C’est précisément pour conjurer ce risque que le contrôle de constitutionnalité s’est imposé comme un pilier des régimes démocratiques. Confié à une instance indépendante, ce mécanisme est né des leçons de l’histoire et des tragédies du XXe siècle, où le suffrage universel, livré à lui-même, n’a pas toujours su protéger les droits qu’il prétendait incarner.

Voilà pourquoi le refrain du « gouvernement des juges » doit être vigoureusement combattu. Car affaiblir aujourd’hui le Conseil constitutionnel, c’est demain l’empêcher de jouer son rôle. Et celui-ci est essentiel.
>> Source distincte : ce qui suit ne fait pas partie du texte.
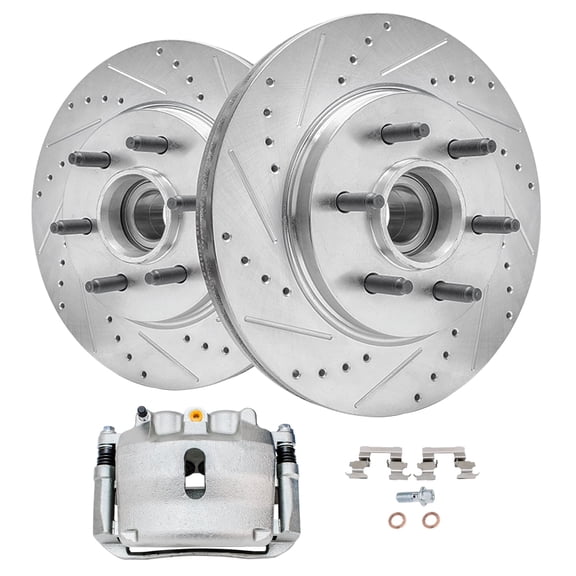 Detroit Axle - RWD Front Brake Kit for 2004 2005 Ford F-150 6-Lug Front Drilled Rotors Left Brake Caliper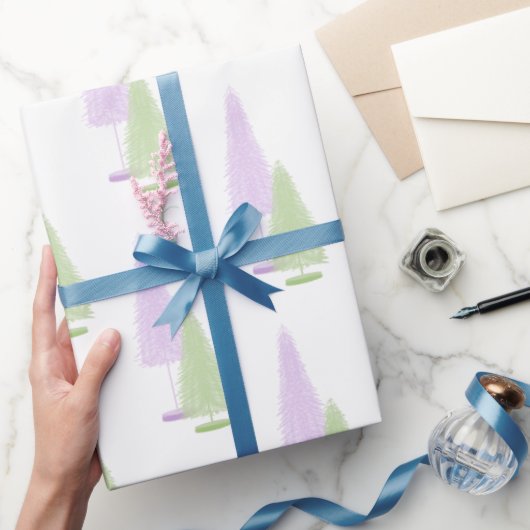 Papier Cadeau Papier d'enveloppement des arbres de Noël Pastel (Cadeaux)
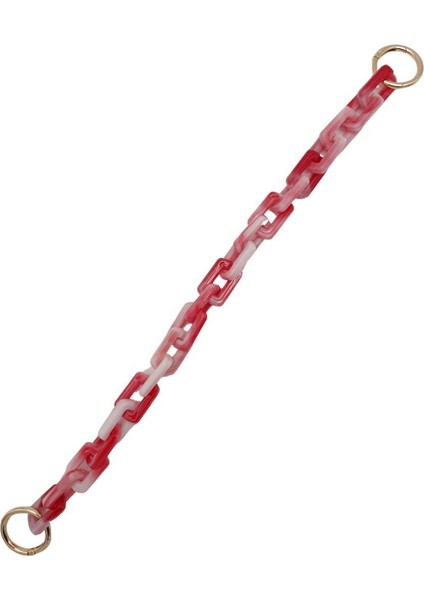 42 cm Akrilik Görünümlü Plastik Dikdörtgen Halkalı Zincir Bej Koyu Pembe Renk Light Gold Metalli modelleri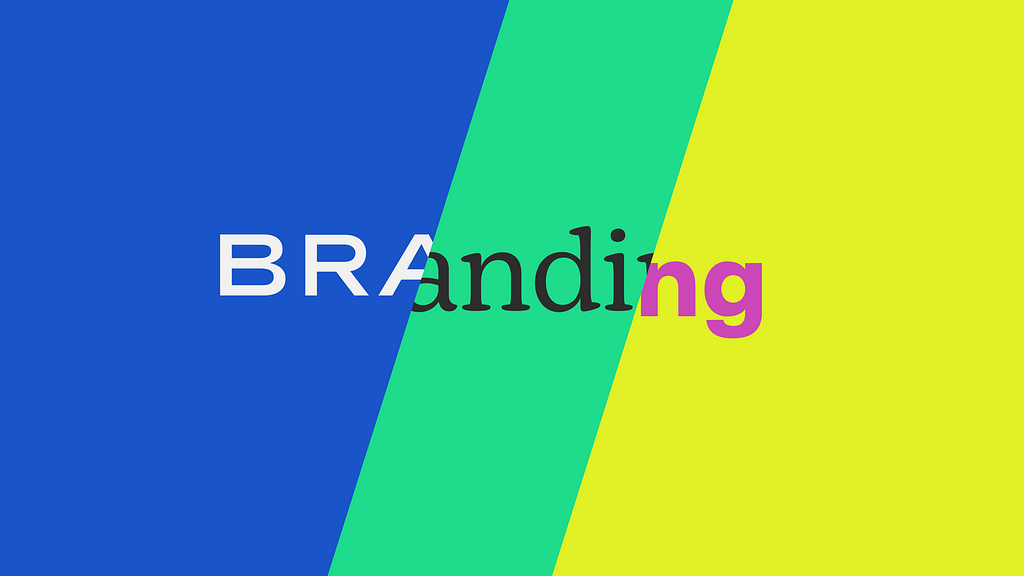 A graphical representation of the word “branding” featuring three different fonts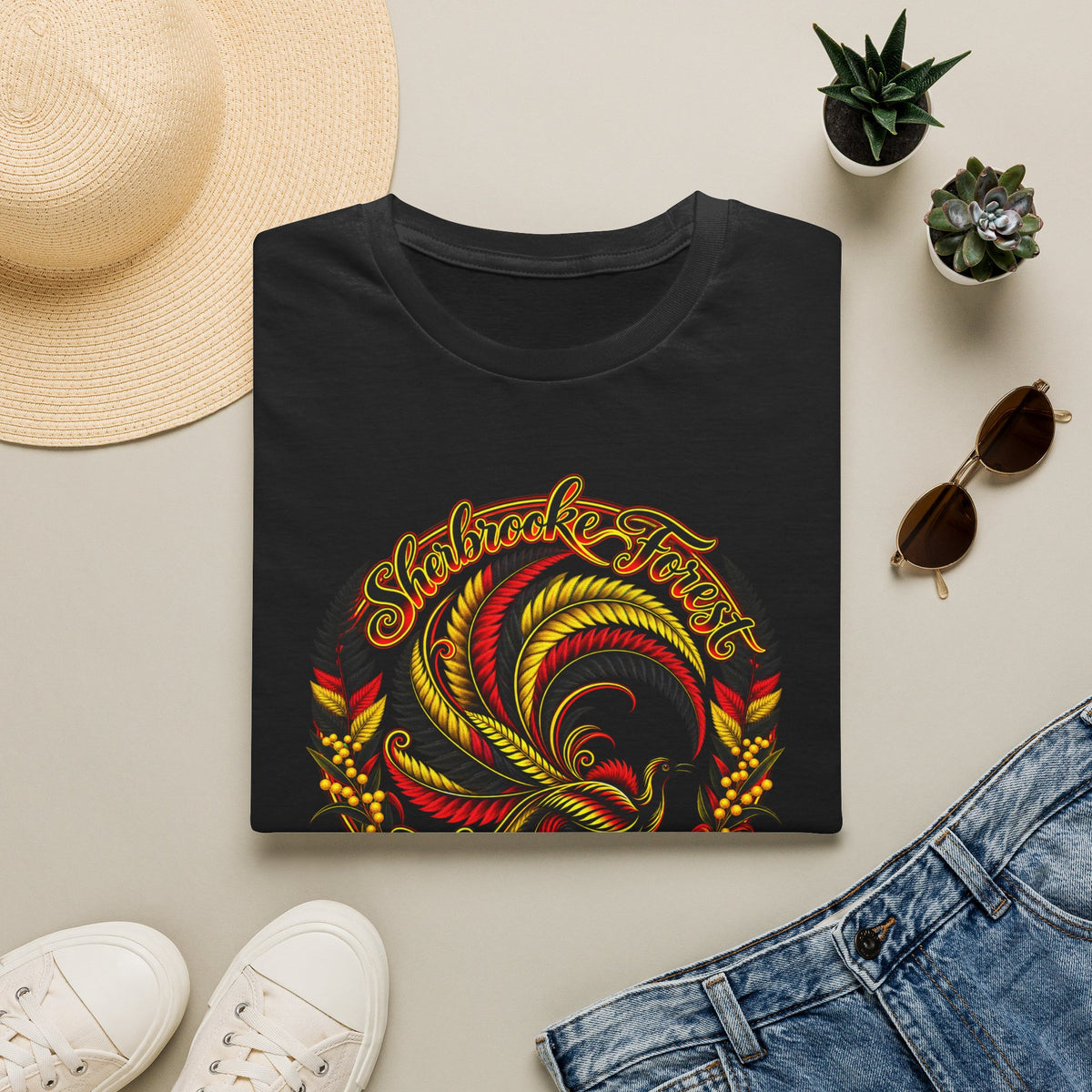 Sherbrooke Forest with Lyrebird and colors of the Indigenous flag - Unisex Softstyle T-Shirt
Cette critique, d’ailleurs, n’est pas née en France. Elle trouve ses racines aux États-Unis, où le pouvoir politique de la Cour suprême est pleinement assumé. Charles Evans Hughes, futur Chief Justice, le disait sans détour dès 1907 : « Nous sommes régis par une Constitution, mais cette Constitution est ce que les juges disent qu’elle est. »

Dès lors, deux évidences s’entrechoquent. D’abord, dans toute démocratie, le juge est nécessairement créateur de droit. Son office consiste à appliquer une règle à une situation concrète. Or ni la Constitution ni la loi ne sont des manuels d’instruction : ce sont des cadres, parfois lacunaires, souvent ambigus. Celui qui les interprète produit donc du droit par nécessité, non par usurpation.

Ensuite, contrôler la constitutionnalité d’une loi n’a rien d’un exercice mécanique. Il ne s’agit pas simplement de juxtaposer une norme inférieure à une norme supérieure. C’est un travail d’équilibriste où le juge doit concilier les exigences du droit, souvent universelles et pérennes, avec les contingences de la politique, soumises aux aléas des majorités et aux passions du moment.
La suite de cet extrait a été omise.